=== Aim of the task ===
Retype, word for word, the lines from the first line of the entries through the line that holds "Here's some resources"; leave out the pictures.

=== Data to examine ===

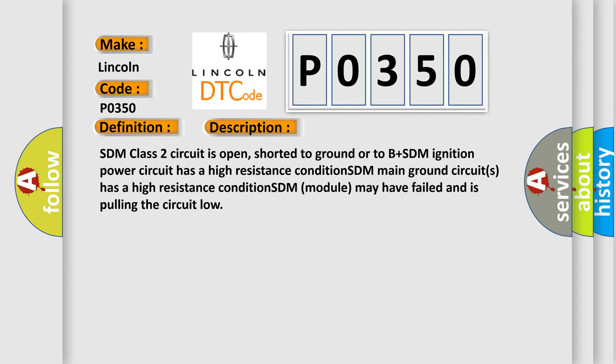SDM Class 2 circuit is open, shorted to ground, or to B+. SDM ignition power circuit has a high resistance condition. SDM main ground circuits have a high resistance condition. SDM module may have failed and is pulling the circuit low.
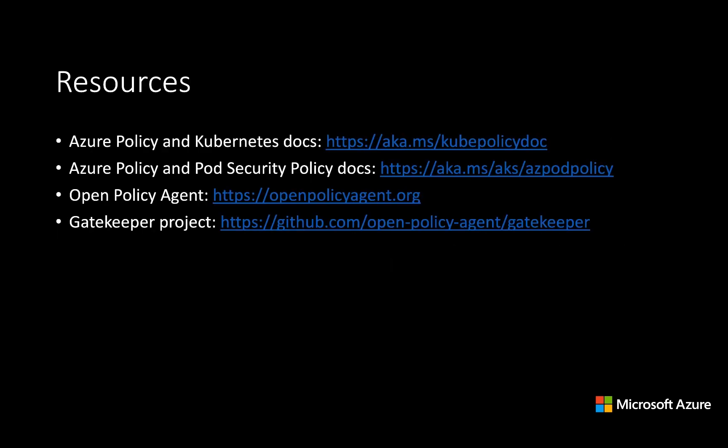Here's some resources for documentation around the Azure experience, including how to apply pod security policy and pointers to some of the upstream projects of interest, like the Open Policy Agent and Gatekeeper. Thank you very much.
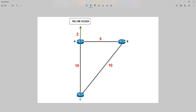The first key concept we're going to discuss is the advertised distance, the feasible distance, the successor route, and the feasibility condition within EIGRP. First, let's look at this network. We've got a simple three-node network — routers A, B, and C. I'm using basic scalar metrics rather than the full EIGRP composite metric just to keep things simple so we can easily do calculations on the fly.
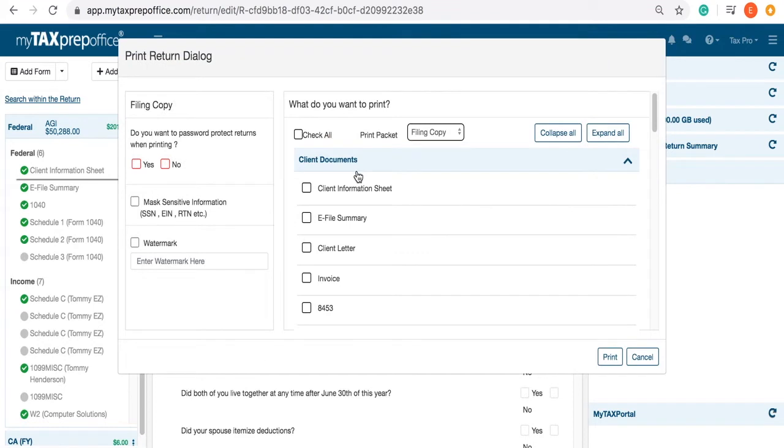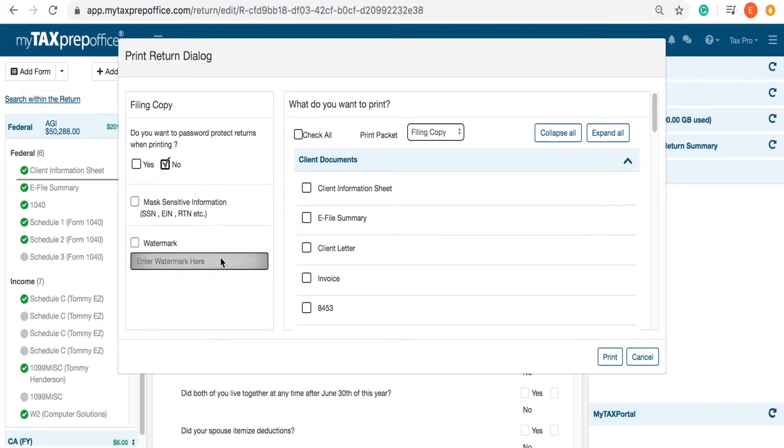A dialog screen will appear. First, select if you would like the returns to be password protected when printing. You can choose to mask sensitive information as well as choose a watermark here.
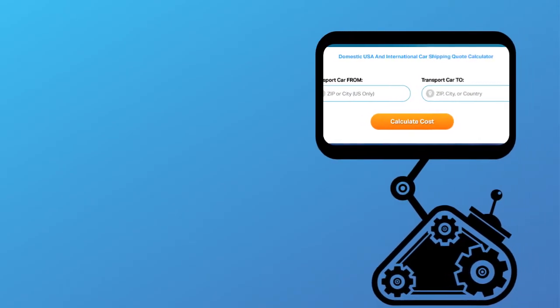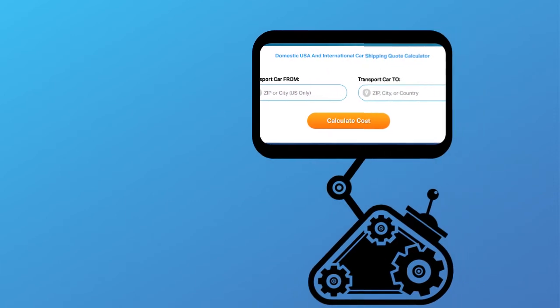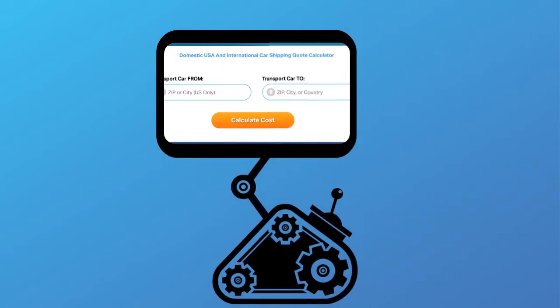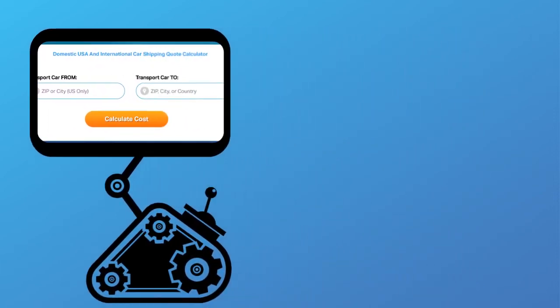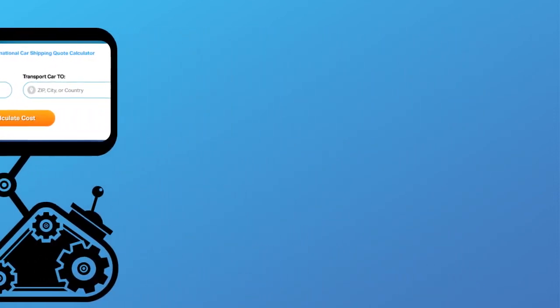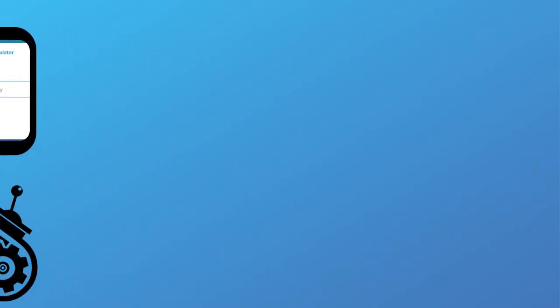Fill out the form to get a no obligation free quote online or call us at 1-800-452-2880.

=== Result ===
SDM Class 2 circuit is open, shorted to ground, or to B+. SDM ignition power circuit has a high resistance condition. SDM main ground circuits have a high resistance condition. SDM module may have failed and is pulling the circuit low.
Here's some resources for documentation around the Azure experience, including how to apply pod security policy and pointers to some of the upstream projects of interest, like the Open Policy Agent and Gatekeeper. Thank you very much.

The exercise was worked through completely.